(Dataset entries)
►
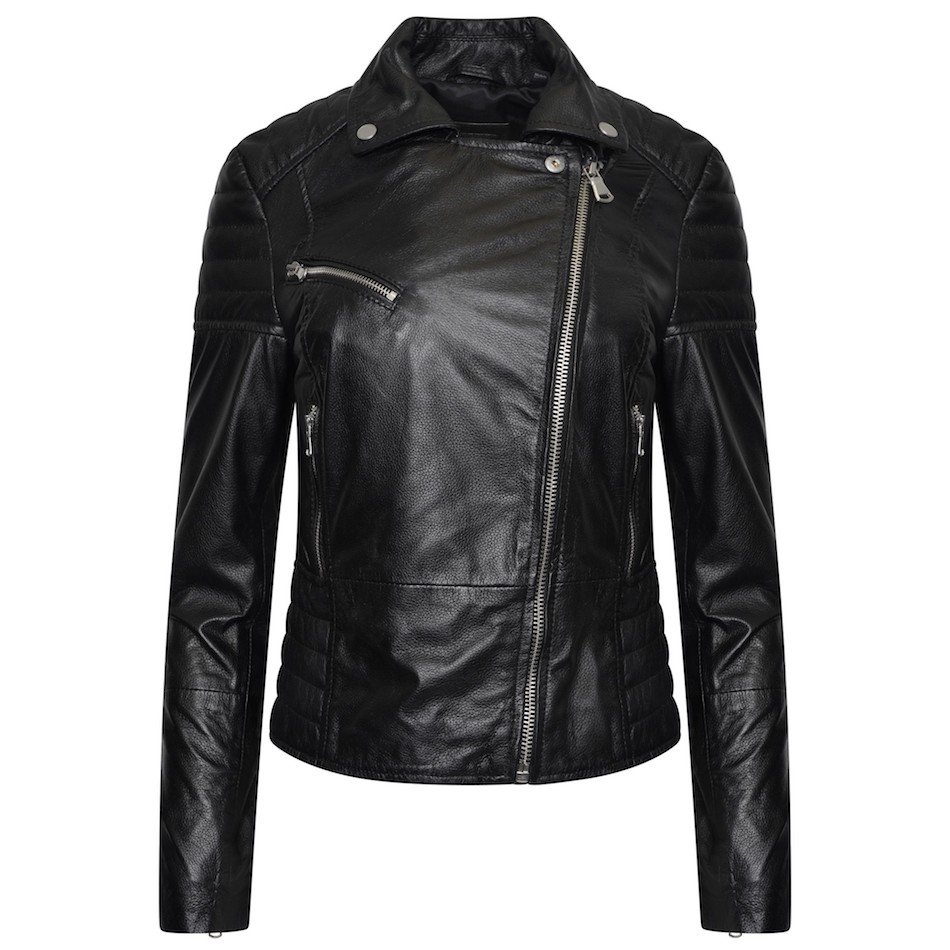 Women's Black Leather Biker Jacket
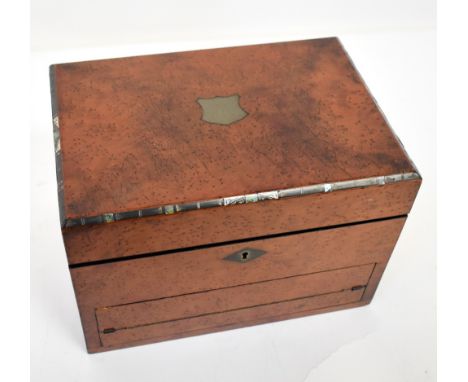 A late 19th/early 20th century maple and rosewood jewellery box/writing slope, the maple veneered exterior with mother of pea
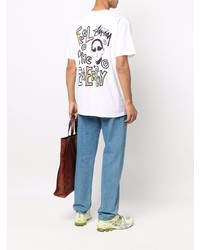 weißes T-Shirt mit einem Rundhalsausschnitt von Stussy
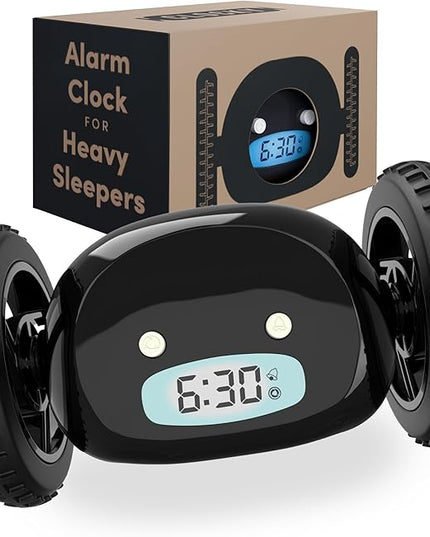 CLOCKY Extra Loud Alarm Clock for Heavy Sleepers on Wheels Rolls Runaway Vibrating Easy To Set Super Smart Snooze Digital Bed Shaker Alarm Clock Funny Gift for Adults Kids Teens Bedroom (Black Wheels)
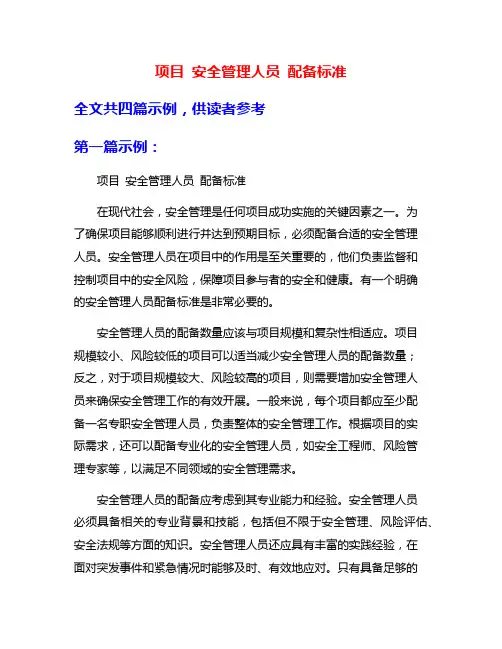 项目 安全管理人员 配备标准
◄
» **WORK ORDER**: Could you write out the records again exactly, without any of their pictures?

» **ANSWER SECTION**:
 Women's Black Leather Biker Jacket
 A late 19th/early 20th century maple and rosewood jewellery box/writing slope, the maple veneered exterior with mother of pea
 weißes T-Shirt mit einem Rundhalsausschnitt von Stussy
 CLOCKY Extra Loud Alarm Clock for Heavy Sleepers on Wheels Rolls Runaway Vibrating Easy To Set Super Smart Snooze Digital Bed Shaker Alarm Clock Funny Gift for Adults Kids Teens Bedroom (Black Wheels)
 项目 安全管理人员 配备标准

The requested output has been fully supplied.